## WHAT THE EXERCISE ASKS
Return the lines of the data below exactly. Start at the first and end with the line containing "Roland Mouret Asymmetric".
---- DATA FOR PROCESSING
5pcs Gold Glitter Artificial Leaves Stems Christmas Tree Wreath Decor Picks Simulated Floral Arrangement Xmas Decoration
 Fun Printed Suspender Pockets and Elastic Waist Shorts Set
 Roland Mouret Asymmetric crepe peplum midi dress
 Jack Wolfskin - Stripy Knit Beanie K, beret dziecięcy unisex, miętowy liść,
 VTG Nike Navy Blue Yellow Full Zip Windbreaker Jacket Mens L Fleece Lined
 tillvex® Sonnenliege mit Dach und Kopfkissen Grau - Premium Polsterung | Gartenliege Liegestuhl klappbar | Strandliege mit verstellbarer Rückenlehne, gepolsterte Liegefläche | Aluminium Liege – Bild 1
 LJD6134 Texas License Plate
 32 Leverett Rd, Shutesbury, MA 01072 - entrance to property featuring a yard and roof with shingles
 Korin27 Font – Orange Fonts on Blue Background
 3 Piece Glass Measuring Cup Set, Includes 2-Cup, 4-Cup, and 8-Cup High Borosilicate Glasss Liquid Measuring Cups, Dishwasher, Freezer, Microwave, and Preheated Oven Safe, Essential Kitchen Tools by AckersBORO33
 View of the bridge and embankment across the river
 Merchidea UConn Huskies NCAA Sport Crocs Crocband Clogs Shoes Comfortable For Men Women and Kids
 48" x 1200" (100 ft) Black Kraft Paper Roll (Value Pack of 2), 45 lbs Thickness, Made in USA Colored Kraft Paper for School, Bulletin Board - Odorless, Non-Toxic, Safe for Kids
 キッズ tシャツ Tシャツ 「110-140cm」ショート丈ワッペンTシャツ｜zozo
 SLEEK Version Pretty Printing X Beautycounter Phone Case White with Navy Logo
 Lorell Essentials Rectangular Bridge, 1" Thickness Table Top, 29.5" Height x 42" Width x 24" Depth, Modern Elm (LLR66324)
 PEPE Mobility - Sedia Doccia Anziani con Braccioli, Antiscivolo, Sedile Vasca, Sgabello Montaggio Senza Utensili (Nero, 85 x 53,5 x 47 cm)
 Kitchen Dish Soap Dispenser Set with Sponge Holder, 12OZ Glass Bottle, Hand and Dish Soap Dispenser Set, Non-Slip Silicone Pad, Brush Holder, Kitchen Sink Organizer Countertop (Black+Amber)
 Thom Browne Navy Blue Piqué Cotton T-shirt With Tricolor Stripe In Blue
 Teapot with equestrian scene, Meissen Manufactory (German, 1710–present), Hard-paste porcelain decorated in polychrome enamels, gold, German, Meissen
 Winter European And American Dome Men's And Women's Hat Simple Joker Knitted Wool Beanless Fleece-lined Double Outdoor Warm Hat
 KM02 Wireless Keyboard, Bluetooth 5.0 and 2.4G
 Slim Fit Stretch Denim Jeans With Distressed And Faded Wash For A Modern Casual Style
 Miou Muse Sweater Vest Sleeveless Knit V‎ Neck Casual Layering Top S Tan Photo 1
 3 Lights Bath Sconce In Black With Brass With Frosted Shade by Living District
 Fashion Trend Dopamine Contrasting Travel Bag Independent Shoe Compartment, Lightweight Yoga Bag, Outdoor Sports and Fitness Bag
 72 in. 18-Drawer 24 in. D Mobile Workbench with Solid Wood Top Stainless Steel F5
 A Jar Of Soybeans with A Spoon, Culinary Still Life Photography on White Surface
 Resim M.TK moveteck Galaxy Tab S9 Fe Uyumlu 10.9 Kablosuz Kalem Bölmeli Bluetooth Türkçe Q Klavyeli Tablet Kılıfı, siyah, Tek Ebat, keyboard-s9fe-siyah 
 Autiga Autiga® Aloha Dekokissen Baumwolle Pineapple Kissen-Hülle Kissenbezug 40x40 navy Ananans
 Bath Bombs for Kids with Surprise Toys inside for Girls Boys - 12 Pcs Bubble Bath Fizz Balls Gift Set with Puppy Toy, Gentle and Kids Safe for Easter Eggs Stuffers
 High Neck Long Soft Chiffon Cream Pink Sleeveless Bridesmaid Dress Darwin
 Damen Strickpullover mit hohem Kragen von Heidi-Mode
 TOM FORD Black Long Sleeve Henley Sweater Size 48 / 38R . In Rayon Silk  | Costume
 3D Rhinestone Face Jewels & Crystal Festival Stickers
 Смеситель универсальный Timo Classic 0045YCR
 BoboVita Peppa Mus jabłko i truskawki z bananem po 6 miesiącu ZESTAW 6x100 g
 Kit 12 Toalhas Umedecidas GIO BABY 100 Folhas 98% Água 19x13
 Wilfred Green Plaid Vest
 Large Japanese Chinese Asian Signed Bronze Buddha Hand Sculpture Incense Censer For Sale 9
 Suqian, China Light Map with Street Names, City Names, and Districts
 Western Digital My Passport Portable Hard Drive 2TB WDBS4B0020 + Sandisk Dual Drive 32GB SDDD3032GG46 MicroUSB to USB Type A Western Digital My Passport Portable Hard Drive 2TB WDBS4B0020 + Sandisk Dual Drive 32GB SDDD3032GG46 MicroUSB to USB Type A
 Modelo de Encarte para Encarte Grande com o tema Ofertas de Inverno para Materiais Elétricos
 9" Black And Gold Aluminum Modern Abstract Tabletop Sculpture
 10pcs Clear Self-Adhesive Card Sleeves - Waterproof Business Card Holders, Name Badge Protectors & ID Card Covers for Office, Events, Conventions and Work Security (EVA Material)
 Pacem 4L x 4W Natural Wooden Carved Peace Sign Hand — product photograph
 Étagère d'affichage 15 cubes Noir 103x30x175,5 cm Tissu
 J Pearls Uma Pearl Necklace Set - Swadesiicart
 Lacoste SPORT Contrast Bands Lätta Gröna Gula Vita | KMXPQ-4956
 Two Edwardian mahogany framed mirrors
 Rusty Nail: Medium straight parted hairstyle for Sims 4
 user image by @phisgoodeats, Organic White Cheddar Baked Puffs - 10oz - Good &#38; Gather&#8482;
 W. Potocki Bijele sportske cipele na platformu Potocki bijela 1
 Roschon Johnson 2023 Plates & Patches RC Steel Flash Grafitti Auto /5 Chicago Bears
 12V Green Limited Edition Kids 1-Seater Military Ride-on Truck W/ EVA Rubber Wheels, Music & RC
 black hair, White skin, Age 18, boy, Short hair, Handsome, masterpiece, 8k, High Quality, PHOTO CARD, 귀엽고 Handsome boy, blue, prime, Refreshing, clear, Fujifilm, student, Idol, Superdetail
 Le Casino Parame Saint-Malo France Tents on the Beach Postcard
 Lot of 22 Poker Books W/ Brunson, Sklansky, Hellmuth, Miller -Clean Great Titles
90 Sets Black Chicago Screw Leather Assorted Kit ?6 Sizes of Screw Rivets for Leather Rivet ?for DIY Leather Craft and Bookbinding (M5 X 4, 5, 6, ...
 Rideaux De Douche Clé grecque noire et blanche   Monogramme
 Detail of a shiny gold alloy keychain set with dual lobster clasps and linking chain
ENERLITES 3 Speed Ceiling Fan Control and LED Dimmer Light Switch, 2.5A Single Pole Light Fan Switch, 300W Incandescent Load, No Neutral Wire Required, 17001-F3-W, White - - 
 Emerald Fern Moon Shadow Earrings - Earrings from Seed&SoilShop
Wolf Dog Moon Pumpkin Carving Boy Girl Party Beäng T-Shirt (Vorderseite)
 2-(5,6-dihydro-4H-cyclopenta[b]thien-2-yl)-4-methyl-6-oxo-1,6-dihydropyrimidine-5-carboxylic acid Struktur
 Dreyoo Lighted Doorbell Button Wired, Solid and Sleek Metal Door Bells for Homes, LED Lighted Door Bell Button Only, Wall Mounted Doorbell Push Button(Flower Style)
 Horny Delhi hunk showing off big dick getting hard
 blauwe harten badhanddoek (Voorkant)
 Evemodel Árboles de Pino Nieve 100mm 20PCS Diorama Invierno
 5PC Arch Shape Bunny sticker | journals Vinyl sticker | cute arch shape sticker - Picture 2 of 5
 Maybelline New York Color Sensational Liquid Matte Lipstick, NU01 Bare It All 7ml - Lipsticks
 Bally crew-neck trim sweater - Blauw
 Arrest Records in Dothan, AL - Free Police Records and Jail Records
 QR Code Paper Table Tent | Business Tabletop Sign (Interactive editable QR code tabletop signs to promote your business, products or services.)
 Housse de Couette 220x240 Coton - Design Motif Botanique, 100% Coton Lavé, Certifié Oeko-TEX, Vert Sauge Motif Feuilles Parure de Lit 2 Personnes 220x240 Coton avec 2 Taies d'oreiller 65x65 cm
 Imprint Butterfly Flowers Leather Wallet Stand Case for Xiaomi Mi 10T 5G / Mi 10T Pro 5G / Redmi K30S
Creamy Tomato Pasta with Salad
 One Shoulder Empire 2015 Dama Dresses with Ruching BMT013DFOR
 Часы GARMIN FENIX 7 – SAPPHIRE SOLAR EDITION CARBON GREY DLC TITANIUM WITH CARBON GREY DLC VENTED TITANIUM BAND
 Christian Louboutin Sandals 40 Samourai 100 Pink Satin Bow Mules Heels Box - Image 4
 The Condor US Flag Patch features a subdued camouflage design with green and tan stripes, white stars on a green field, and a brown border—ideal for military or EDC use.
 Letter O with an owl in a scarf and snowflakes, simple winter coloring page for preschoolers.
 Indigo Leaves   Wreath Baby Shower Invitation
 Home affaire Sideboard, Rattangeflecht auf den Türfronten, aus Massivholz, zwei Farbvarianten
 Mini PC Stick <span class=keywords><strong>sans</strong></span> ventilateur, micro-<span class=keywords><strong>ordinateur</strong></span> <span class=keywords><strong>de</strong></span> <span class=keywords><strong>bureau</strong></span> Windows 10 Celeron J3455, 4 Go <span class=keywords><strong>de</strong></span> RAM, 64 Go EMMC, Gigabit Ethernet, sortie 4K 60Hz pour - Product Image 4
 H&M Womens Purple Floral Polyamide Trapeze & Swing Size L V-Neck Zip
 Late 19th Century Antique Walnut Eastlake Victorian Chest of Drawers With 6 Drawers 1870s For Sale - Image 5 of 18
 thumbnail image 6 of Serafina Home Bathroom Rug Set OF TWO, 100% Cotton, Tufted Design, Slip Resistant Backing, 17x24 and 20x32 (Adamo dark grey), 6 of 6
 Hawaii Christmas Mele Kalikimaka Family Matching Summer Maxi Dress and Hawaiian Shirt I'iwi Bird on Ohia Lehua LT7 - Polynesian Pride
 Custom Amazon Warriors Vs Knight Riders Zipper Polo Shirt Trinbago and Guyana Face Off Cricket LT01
--------
## RESPONSE BOX
5pcs Gold Glitter Artificial Leaves Stems Christmas Tree Wreath Decor Picks Simulated Floral Arrangement Xmas Decoration
 Fun Printed Suspender Pockets and Elastic Waist Shorts Set
 Roland Mouret Asymmetric crepe peplum midi dress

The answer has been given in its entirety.